Unqualified, the word football is understood to refer to whichever form of football is the most popular 
in the regional context in which the word appears. Sports commonly called football in certain places 
include association football (known as soccer in some countries); gridiron football (specifically American 
football or Canadian football); Australian rules football; rugby football (either rugby league or rugby union); 
and Gaelic football.
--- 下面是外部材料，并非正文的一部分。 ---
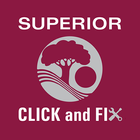 Superior Click And Fix ícone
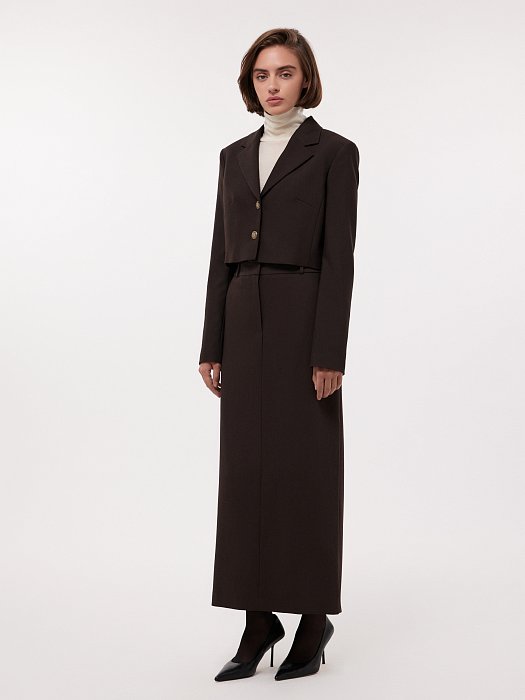 Жакет укороченного кроя: фото №2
These different variations of football are known as football codes.
"""
print("原文：\n", text1)

2、去除换行符

python 复制代码

text = text1.replace("\n", "")
print("去除原文中的换行符：\n", text)

3、分句

python 复制代码

import nltk
sents = nltk.sent_tokenize(text)
print("将文本进行分句：\n", sents)

4、分词

python 复制代码

import string
punctuation_tokens = []
for sent in sents:
    for word in nltk.word_tokenize(sent):
        punctuation_tokens.append(word)
print("将每个句子进行分词：\n", punctuation_tokens)

5、过滤标点符号

python 复制代码

tokens = []
for word in punctuation_tokens:
    if word not in string.punctuation:
        tokens.append(word)
print("将分词结果去除标点符号：\n", tokens)

6、过滤停用词

python 复制代码

from nltk.corpus import stopwords
fltered = [w for w in tokens if w not in stopwords.words("english")]
print("过滤完停用词之后：\n", fltered)

7、剩下有用的单词进行计数

python 复制代码

from collections import Counter
count = Counter(fltered)
print("对最终清洗好的单词进行计数：\n", count)